Bulu tangkis juga berat

Mantan pebulu tangkis nasional Icuk Sugiarto menegaskan tim bulu tangkis  Indonesia butuh perjuangan berat untuk mewujudkan target dua medali emas pada Asian Games Incheon, Korsel, 19 September-4 Oktober  2014.

"Harapan tim bulu tangkis Indonesia untuk  mendapatkan medali emas memang cukup terbuka.

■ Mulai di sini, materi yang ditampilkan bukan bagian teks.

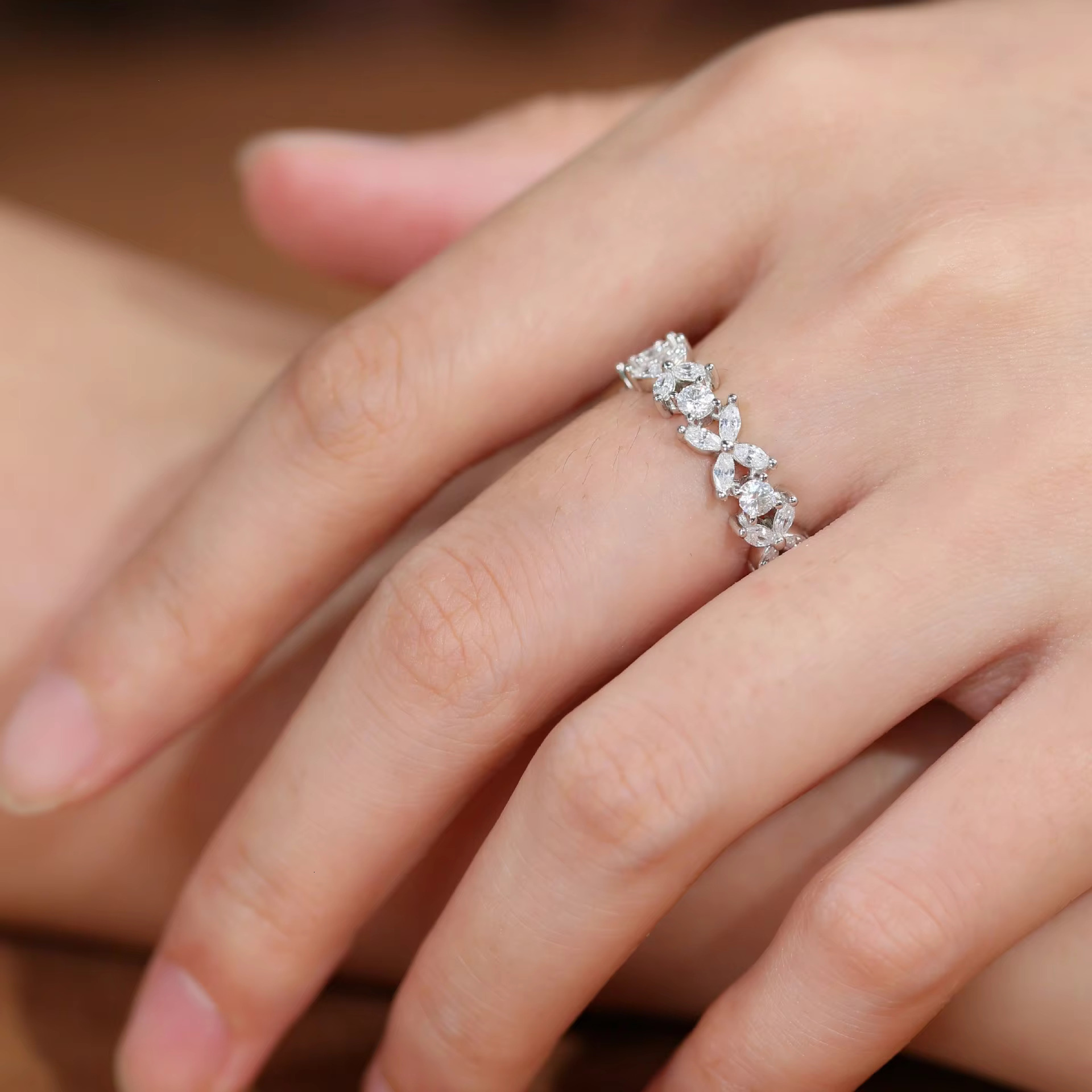 Elegant Four/4 Leaves Wedding Band 925 Sterling Silver Rhodium Plated Cubic Moissanite Ring Jewelry for Women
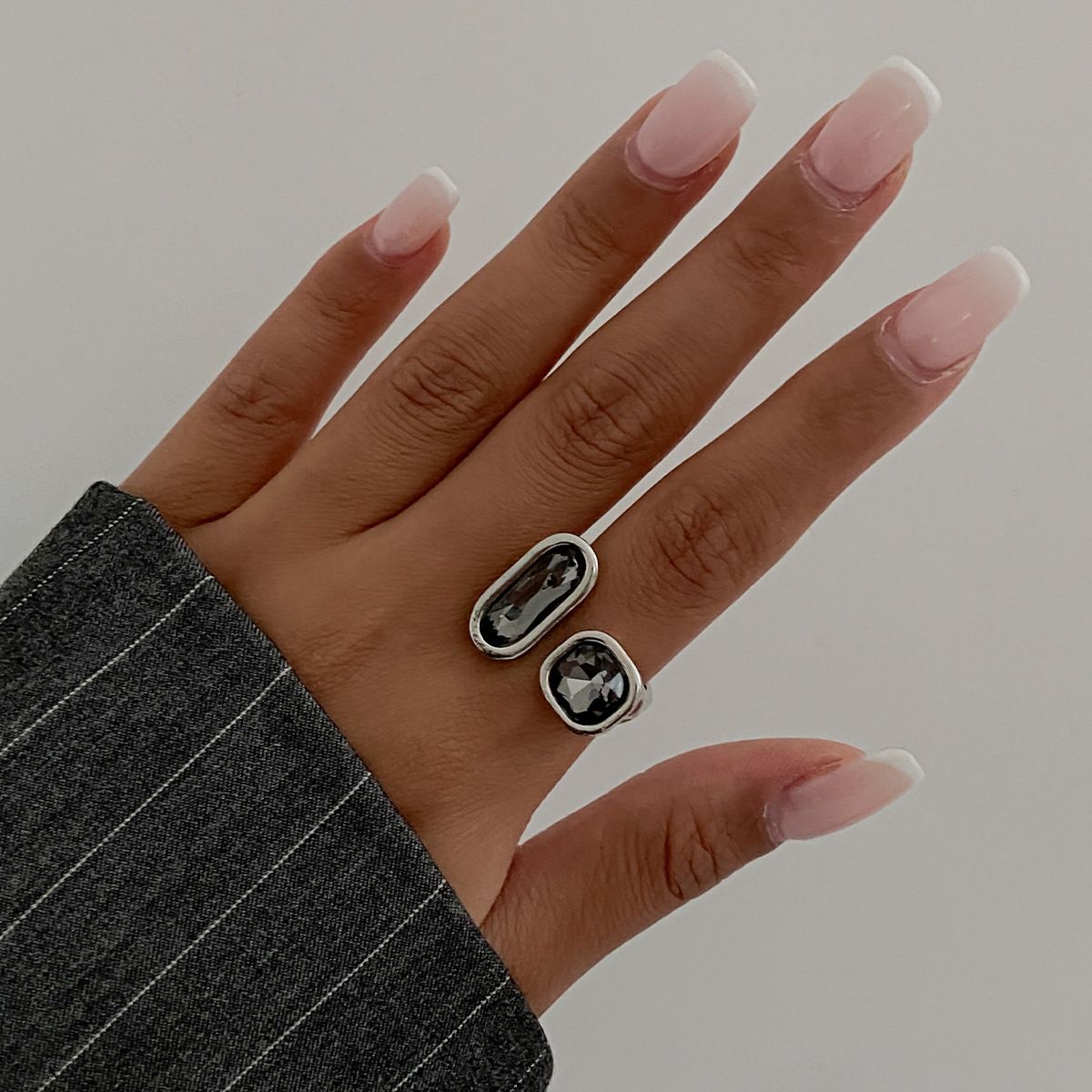 01 White K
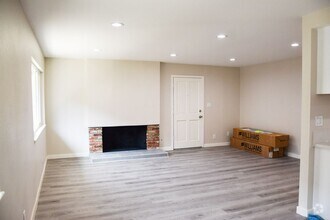 Building Photo - 815 N Olive St
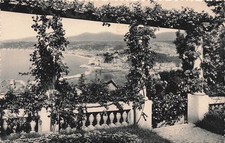 6 NICE PERGOLAS FLEURIES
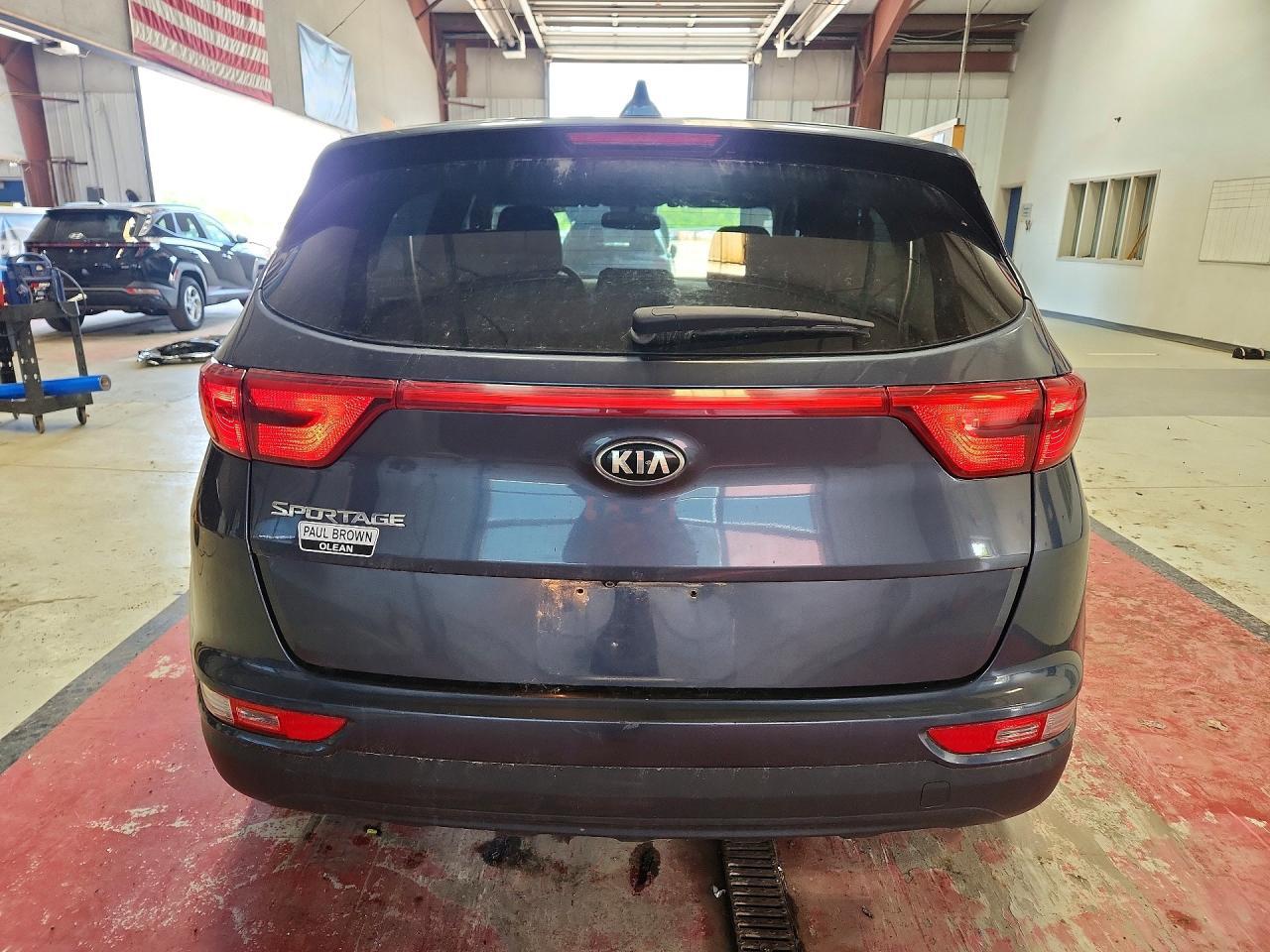 2018 KIA SPORTAGE LX — Фото 6 из 13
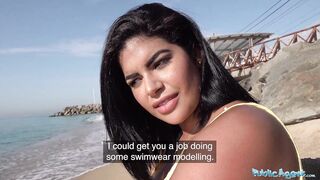 Public Agent A Blind date for Latina with huge natural boobs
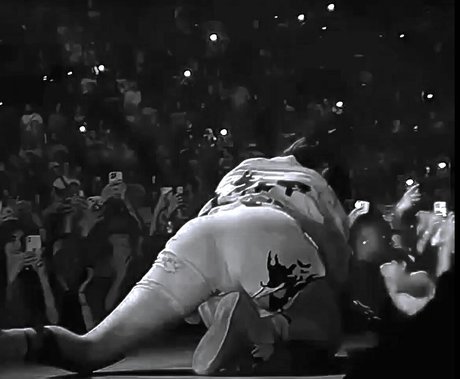 asiatisches teen solo onlyfans freie nacktheit bild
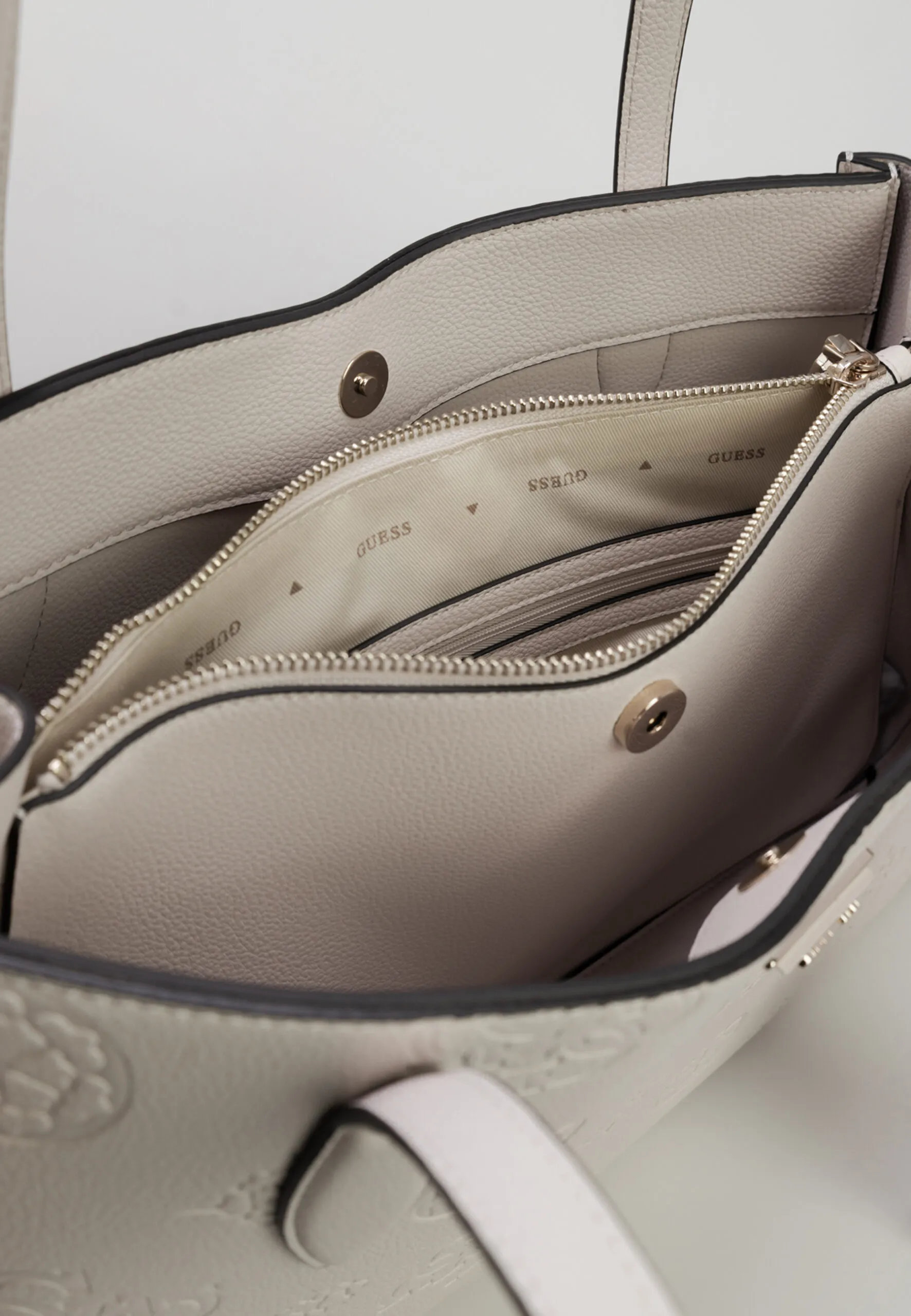 Borsa Guess KEANDRA GIRLFRIEND CARRYALL Rosa Cipria
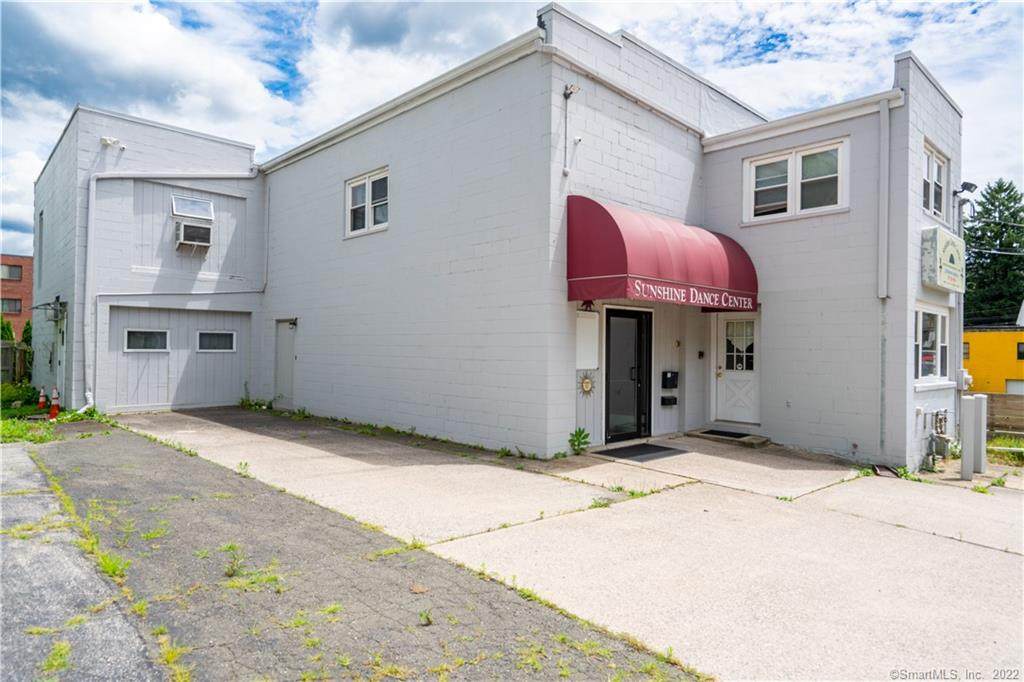 34 Monroe Avenue - Photo 1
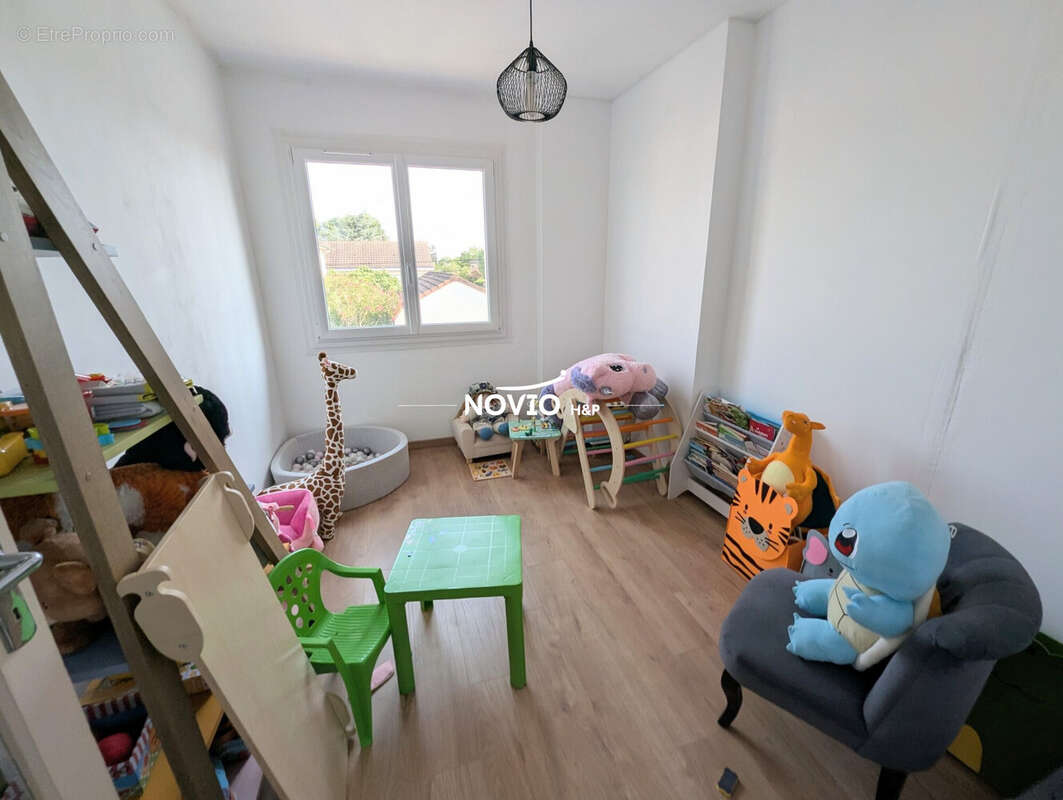 Maison 165 m² à Chatellerault  - photo 6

Kita punya dua pasangan yang menjadi andalan yakni Hendra Setiawan/M.Akhsan (ganda putra) dan Ahmad Tontowi/Liliyana Natsir (ganda campuran).  Namun lawan yang mereka hadapi pun tak ringan terutama dari tuan rumah Korsel dan Tiongkok," kata Icuk Sugiarto.

Icuk yang juga peraih medali emas ganda putra Asian Games 1982 New Delhi India bersama pasangannya Christian Hadinata itu lebih jauh mengatakan, selain menghadapi lawan berat kondisi kedua pasangan  ini sedang dalam masa proses pemulihan pascacedera.

Akhsan dan Tontowi pada pertengahan Agustus lalu sama-sama mengalami cedera  yang memaksa mereka batal ikut kejuaraan dunia di Kopenhagen, Denmark.

"Kita semua berharap, baik Akhsan maupun Tontowi sudah dalam kondisi prima begitu mereka turun di medan laga. Dengan persaingan yang begitu ketat, kesiapan fisik dan mental tentu harus prima," tambahnya.

Juara dunia 1983 ini menilai selain Lee Chong Wei dari Malaysia, Lin Dan dan Chen Long (Tiongkok) tetap menjadi lawan terberat bagi pemain indonesia di Asian Games  Incheon nanti.

Terakhir pemain tunggal putra yang merebut medali emas Asian Games adalah Taufik Hidayat yakni pada 2006 di Doha, Qatar. Empat tahun  sebelumnya Taufik juga merebut medali emas di Asian Games 2002, Busan, Korsel.

Pada Asian Games 2010 di Guangzhou, Tiongkok, tim bulu tangkis Indonesia merebut satu medali emas melalui pasangan ganda putra Markis Kido/Hendra Setiawan yang di final mengalahkan jagoan Malaysia Koo Kien Keat/Tan Boon Heong.